Pihaknya mulai menaruh curiga karena D termasuk anak yang lugu. Saat menerima telepon, D terlihat ketakutan dan Rani merasa ada yang tidak beres.

Lebih lanjut dirinya menghubungi ibu korban yang ada di Wonosobo, Jawa Tengah. Ibunya pun sempat bertanya-tanya karena anaknya minta segera dijemput.

"Awalnya kami curiga, setelah itu ibu korban ini menghubungi pengurus Ponpes dan memberi tahu kepada saya tidak boleh dijemput tidak boleh dibawa. Karena kami merasa ada yang tidak beres kami berusaha mendatangi ponpes itu," katanya.

Meski sudah mendapat informasi jika tidak boleh dibawa, ayah korban menghubungi Rani karena makin khawatir. Pasalnya D meminta ayah dan ibunya segera menjemput hari itu juga.

Baca Juga: Ajak Warga Perketat Prokes, Relawan Bantul Pasang Masker di Patung Penari Jathilan

Mempertimbangkan untuk menjemput atau tidak, Rani dan suaminya meminta saran keluarga lainnya yang ada di Kecamatan Gedongkuning, Kota Yogyakarta. Keluarga Rani berpesan jika ada yang dikhawatirkan segera datangi anak tersebut.

"Karena kami merasa ada yang janggal, nekatlah kami ke Ponpes ini. Sampai sana kami tidak bisa menemukan orang untuk ditemui.

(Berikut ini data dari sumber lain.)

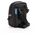 Tenba Skyline v2 4 Pouch Black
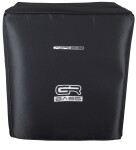 GR Bass Cover AT/NF 410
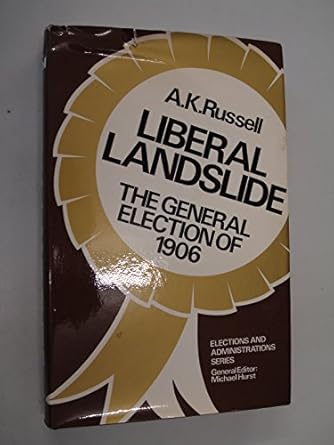 trialogue between jew christian and muslim 1st edition ignaz maybaum 0710076827, 978-0710076823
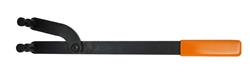 Lang Tools Camshaft Timing Tools 708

Lalu ada orang melintas lalu kami panggil dan minta tolong panggilkan santri bernama D ini," jelas Rani.

Dirinya langsung melihat keponakannya berlari turun dari tangga dengan membawa tas dan menangis ketakutan. Hal itu membuat Rani bingung dan menanyakan apa yang sebenarnya terjadi.

"Anak ini tidak mau menceritakan. Dia bilang nanti di rumah saja. Bahkan minta saat itu pulang saja. Tapi jelas hal itu akan bermasalah, akhirnya saya mencari orang yang bertanggungjawab dan datang ustad yang notabene ini diduga pelaku. Saya tanya anak ini kenapa, ustad itu mengatakan jika D ini sedang kangen sama orang tuanya saja," ujar Rani.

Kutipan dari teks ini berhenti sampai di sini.